TV Steven Moffat, Coupling writer is posting at BBC America again. Just watch as a poster named Padderz gets his knickers in a twist about the scheduling of the UK version on BBC Two, not at all realising he's having an argument with the writer of the show. My favourite bit is when he says with some finallity: "And by the way Coupling was moved to a later time slot on BBC2 because the ratings, in comparison with BBC1 and ITV, were appalling. Trust me I'm a TV buyer." Err ... so. Does that mean you don't read the Radio Times?

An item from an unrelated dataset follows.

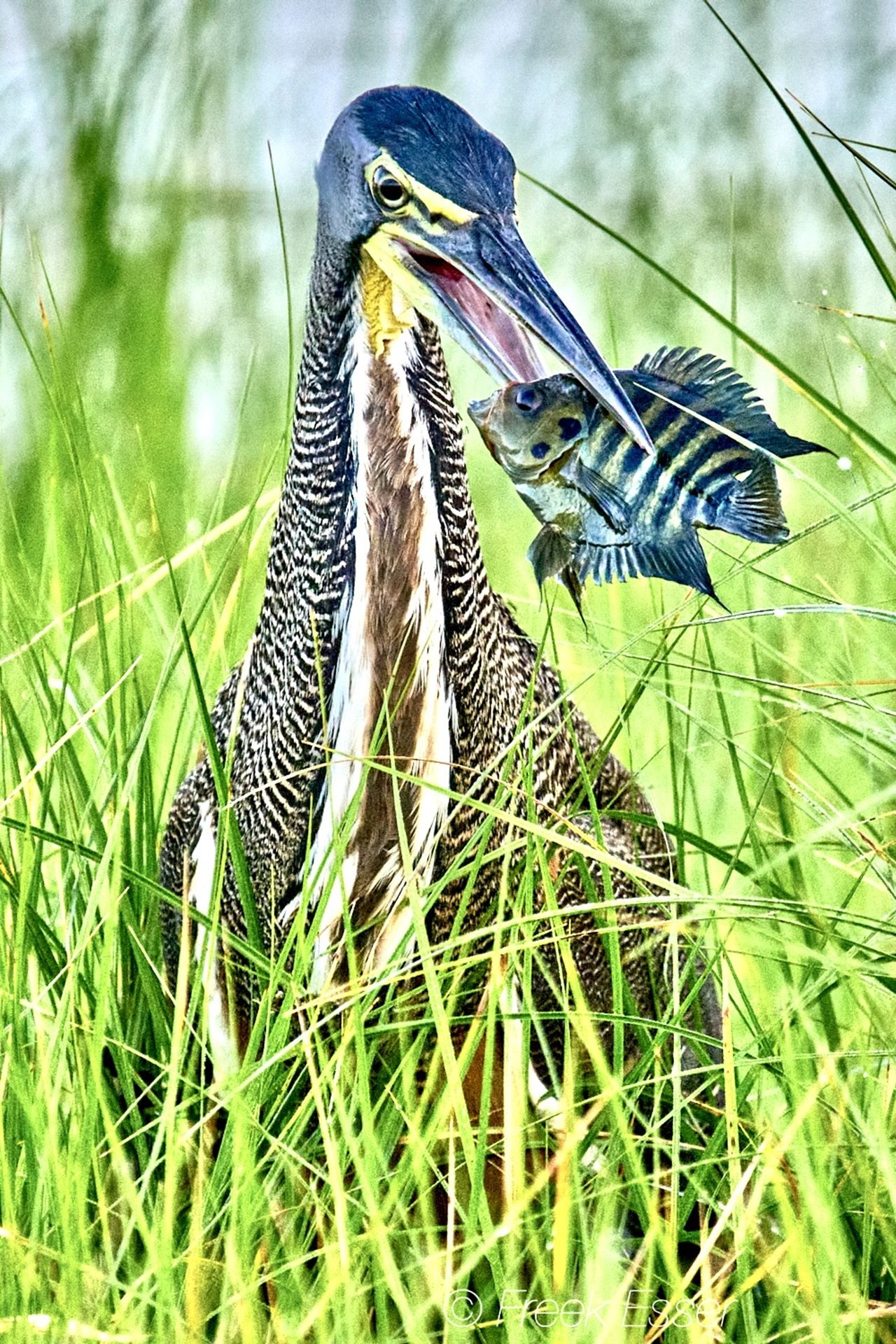 Fotoreis Costa Rica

Ask The indispensibilty of Mefi Ask continues. I asked: Why does a person's musical taste keep changing? I'm suddenly listening to lot's of Paris Cafe music, the likes of Charles Trenet, Edith Piaf and Josephine Baker. How did that happen? Why do some people's tastes never seem to change? Jerry Kindall answered:
"The more music you already know, the more music you can "get into." A lot of jazz is inaccessible until you have listened to and understood its "prerequisites." Similarly for classical, I think. Rock, well, you're soaking in it, so it's hard to tell. But can you really "get" electronica without having heard Kraftwerk and maybe '80s Tangerine Dream?

And there's also the music you heard when you were growing up, even if you hated it then. Eventually its familiarity will become comforting. I never in a million years thought I'd have any country CDs whatsoever; it's my dad's favorite kind of music, and it was symbolic of all the ways I didn't want to be like him. When I grew up enough to get past that, I started to realize that some of that stuff was really good. I'm not sure where my love for '70s pop comes from (someone got me into Rundgren about ten years ago, but I liked Rundgren because that sound resonated for me) but something about that style of songwriting just gets inside my head. Even new music in that style gets me (e.g. the Bacharach/Costello album). But it wasn't something that really grabbed me until my late '20s or early '30s even though I'd been hearing it all my life.
... and the thread is filled with such nuggets, so much more exciting than the blue area. People are being creative. Except in this thread about alternatives to 'soda' where everyone said water. Although I was the first. If any none members want me to punt along a question, and it's something I've always wondered about, let me know...
News Saddam Hussein captured. Although TV5 seem to think he may be disguised as Dick Van Dyke in Diagnosis Murder.
Books "The Hitchhiker's Guide To The Galaxy" beats Harry Potter in The Big Read. Have I missed the point or is this very good news indeed? And isn't it shocking that four of the top five are genre titles and the only British TV series made for adults in that genre is a remake featuring a Timelord? What happened to all the great sci-fi or fantasy series for adults?